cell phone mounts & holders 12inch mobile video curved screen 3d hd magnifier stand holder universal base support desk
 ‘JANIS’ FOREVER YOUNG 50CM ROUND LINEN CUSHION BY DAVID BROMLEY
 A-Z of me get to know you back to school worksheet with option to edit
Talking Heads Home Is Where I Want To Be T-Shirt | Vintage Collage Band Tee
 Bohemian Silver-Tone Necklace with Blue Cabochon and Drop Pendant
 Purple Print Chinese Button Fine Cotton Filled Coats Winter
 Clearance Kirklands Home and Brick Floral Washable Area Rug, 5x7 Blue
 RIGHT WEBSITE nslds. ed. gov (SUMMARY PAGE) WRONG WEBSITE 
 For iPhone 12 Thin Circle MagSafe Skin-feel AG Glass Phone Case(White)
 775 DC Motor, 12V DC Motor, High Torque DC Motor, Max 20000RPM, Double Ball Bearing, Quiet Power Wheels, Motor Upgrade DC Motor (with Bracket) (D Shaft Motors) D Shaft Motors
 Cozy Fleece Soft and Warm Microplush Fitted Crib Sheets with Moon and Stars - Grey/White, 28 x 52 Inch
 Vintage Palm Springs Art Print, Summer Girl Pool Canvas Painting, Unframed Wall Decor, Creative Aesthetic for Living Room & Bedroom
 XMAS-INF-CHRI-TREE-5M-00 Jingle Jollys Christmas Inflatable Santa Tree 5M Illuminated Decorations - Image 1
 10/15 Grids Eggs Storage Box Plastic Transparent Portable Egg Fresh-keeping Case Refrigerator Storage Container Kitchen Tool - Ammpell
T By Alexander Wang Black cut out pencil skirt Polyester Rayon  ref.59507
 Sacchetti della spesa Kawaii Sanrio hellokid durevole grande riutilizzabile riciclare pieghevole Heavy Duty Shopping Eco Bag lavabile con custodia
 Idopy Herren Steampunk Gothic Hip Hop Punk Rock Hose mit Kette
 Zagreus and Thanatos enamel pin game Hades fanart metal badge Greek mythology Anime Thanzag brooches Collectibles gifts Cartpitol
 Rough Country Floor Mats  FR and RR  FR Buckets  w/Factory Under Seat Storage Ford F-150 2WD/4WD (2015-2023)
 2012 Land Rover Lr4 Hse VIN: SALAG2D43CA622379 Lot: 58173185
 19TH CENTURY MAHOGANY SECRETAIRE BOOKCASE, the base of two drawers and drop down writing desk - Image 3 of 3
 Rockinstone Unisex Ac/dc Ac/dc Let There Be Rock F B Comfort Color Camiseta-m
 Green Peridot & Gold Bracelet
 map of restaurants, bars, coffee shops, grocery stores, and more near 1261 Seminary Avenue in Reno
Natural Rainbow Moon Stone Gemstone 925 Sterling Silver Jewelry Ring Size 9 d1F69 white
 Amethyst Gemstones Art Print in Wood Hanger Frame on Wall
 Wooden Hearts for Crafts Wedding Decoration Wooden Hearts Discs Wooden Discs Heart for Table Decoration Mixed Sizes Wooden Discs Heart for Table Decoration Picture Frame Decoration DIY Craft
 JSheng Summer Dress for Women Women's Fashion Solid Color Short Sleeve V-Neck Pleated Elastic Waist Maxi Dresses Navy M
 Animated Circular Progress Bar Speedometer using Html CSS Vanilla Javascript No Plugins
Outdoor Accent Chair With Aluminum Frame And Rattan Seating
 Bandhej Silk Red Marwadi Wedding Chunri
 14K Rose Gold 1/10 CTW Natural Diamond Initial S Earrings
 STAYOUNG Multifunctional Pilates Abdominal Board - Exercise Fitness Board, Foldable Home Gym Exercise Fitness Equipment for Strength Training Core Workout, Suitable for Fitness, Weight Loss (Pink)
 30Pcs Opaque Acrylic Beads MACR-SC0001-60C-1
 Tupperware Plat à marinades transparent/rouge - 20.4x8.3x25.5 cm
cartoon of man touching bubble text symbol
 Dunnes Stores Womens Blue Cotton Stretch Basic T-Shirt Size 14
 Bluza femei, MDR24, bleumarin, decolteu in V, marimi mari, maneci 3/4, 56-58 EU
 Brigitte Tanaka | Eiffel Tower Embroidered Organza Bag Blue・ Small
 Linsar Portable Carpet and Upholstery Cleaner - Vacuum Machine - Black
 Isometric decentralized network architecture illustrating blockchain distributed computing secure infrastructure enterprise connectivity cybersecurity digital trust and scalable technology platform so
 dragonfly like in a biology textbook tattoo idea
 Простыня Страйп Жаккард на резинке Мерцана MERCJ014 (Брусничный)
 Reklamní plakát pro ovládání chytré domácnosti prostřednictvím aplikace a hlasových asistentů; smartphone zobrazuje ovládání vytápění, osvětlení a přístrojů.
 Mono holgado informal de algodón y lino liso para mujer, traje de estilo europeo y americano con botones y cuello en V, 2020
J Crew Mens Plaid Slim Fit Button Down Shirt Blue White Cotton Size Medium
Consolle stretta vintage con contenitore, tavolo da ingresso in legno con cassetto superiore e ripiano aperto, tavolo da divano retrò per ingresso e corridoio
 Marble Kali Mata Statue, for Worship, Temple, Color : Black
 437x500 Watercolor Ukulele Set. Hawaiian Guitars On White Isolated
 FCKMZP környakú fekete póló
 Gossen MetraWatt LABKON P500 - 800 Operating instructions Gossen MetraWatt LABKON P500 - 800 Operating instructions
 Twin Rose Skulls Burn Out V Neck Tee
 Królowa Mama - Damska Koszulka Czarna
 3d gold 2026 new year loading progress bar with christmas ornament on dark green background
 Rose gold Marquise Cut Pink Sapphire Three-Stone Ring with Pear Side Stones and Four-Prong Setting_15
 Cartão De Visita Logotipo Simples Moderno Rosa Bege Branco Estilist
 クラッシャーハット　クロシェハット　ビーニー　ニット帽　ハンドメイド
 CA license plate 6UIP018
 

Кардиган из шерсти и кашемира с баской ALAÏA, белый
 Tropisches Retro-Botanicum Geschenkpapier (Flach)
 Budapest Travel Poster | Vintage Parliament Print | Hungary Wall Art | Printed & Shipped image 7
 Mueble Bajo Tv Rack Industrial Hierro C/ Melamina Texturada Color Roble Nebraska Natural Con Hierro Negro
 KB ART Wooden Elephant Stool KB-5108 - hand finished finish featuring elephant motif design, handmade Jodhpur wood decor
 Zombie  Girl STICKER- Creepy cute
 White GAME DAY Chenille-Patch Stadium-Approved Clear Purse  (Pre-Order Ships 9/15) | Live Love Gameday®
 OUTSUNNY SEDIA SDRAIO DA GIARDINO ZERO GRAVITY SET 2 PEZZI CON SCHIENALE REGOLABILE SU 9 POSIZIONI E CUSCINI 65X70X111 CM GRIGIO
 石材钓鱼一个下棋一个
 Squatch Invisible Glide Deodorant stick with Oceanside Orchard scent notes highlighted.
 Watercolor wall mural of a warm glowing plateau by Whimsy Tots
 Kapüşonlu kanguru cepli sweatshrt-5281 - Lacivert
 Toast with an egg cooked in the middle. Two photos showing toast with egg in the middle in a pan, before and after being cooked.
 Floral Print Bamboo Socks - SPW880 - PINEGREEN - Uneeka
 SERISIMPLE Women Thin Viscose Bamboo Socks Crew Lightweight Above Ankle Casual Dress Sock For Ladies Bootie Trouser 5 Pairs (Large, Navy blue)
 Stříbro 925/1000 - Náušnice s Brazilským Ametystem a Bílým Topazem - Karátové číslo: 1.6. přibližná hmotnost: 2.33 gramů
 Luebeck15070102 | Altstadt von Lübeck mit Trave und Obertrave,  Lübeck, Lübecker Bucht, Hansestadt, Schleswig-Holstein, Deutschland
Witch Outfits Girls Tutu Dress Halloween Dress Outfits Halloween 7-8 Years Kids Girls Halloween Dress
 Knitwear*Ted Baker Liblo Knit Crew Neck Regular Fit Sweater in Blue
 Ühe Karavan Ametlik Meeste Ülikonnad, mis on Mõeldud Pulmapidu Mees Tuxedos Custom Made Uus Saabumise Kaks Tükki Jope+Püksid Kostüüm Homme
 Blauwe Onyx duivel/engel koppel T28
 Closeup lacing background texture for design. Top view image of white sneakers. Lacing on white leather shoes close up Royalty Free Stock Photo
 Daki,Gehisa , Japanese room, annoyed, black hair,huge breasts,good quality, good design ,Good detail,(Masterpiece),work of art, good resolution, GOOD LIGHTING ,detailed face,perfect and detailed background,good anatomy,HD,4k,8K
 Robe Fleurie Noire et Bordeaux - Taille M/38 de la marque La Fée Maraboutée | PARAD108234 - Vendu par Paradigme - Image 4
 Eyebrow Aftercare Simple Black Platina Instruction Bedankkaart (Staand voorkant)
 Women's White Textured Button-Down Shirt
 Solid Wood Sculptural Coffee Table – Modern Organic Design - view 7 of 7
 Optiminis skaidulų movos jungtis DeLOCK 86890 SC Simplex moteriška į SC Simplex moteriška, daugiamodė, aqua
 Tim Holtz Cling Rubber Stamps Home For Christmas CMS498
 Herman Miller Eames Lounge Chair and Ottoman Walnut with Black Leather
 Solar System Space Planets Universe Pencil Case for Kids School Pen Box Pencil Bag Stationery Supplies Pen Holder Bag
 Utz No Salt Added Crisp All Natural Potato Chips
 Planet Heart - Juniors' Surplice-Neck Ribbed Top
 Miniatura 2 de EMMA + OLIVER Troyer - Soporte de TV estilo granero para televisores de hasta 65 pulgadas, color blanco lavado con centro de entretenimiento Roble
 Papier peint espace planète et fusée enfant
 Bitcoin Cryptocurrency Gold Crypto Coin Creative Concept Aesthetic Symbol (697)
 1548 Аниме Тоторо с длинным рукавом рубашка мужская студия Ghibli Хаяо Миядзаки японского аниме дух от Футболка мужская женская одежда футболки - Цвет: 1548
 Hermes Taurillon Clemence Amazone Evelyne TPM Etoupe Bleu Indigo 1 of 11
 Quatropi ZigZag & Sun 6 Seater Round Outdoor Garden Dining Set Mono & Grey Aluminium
____
**Instructions for the task:** Once the line with "Ühe Karavan Ametlik" is found in the records above, print exactly that line and every line after it through the line with "Planet Heart - Juniors'".

**Task result:**
 Ühe Karavan Ametlik Meeste Ülikonnad, mis on Mõeldud Pulmapidu Mees Tuxedos Custom Made Uus Saabumise Kaks Tükki Jope+Püksid Kostüüm Homme
 Blauwe Onyx duivel/engel koppel T28
 Closeup lacing background texture for design. Top view image of white sneakers. Lacing on white leather shoes close up Royalty Free Stock Photo
 Daki,Gehisa , Japanese room, annoyed, black hair,huge breasts,good quality, good design ,Good detail,(Masterpiece),work of art, good resolution, GOOD LIGHTING ,detailed face,perfect and detailed background,good anatomy,HD,4k,8K
 Robe Fleurie Noire et Bordeaux - Taille M/38 de la marque La Fée Maraboutée | PARAD108234 - Vendu par Paradigme - Image 4
 Eyebrow Aftercare Simple Black Platina Instruction Bedankkaart (Staand voorkant)
 Women's White Textured Button-Down Shirt
 Solid Wood Sculptural Coffee Table – Modern Organic Design - view 7 of 7
 Optiminis skaidulų movos jungtis DeLOCK 86890 SC Simplex moteriška į SC Simplex moteriška, daugiamodė, aqua
 Tim Holtz Cling Rubber Stamps Home For Christmas CMS498
 Herman Miller Eames Lounge Chair and Ottoman Walnut with Black Leather
 Solar System Space Planets Universe Pencil Case for Kids School Pen Box Pencil Bag Stationery Supplies Pen Holder Bag
 Utz No Salt Added Crisp All Natural Potato Chips
 Planet Heart - Juniors' Surplice-Neck Ribbed Top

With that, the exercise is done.